Norfolk Jet Express
| IATA | ICAO | Call sign |
| YE | — | — |
- Founded: May 1997
- Ceased operations: 7 June 2005
- Headquarters: Norfolk Island, Australia
- Key people: Gregg Prechelt (CEO); David Bobberman (COO);

= Norfolk Jet Express =

Airline of Norfolk Island, Australia (1997–2005)

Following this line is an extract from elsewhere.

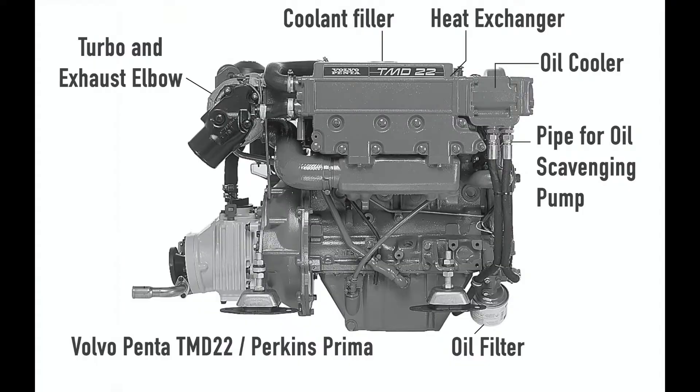Hello and welcome to another maintenance blog from the engine bay. We sailed from Cadiz to the Canary Islands and pulled in to prepare for the Atlantic. There were a few jobs to do on our Volvo Penta TMD 22 marine diesel.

Norfolk Jet Express Pty Ltd was an airline based on Norfolk Island offering scheduled, international, domestic, passenger and cargo services. It ceased operations in June 2005 due to financial difficulties.

==History==
Norfolk Jet Express was established in May 1997 by Norfolk Island resident and businessman Gregg Prechelt. It started operations in the same month and ceased on 7 June 2005 after voluntary liquidation.

==Services==
Norfolk Jet Express provided services from Norfolk Island to Brisbane and Sydney using the Air Nauru Boeing 737-400 and Alliance Airlines Fokker 100 aircraft to Auckland at one stage.

==Fleet==
The aircraft fleet firstly consisted of just one single BAe 146-100 then progressed to a Fokker 100 (wet-leased from Alliance Airlines) and a Boeing 737-400 (leased from Air Nauru).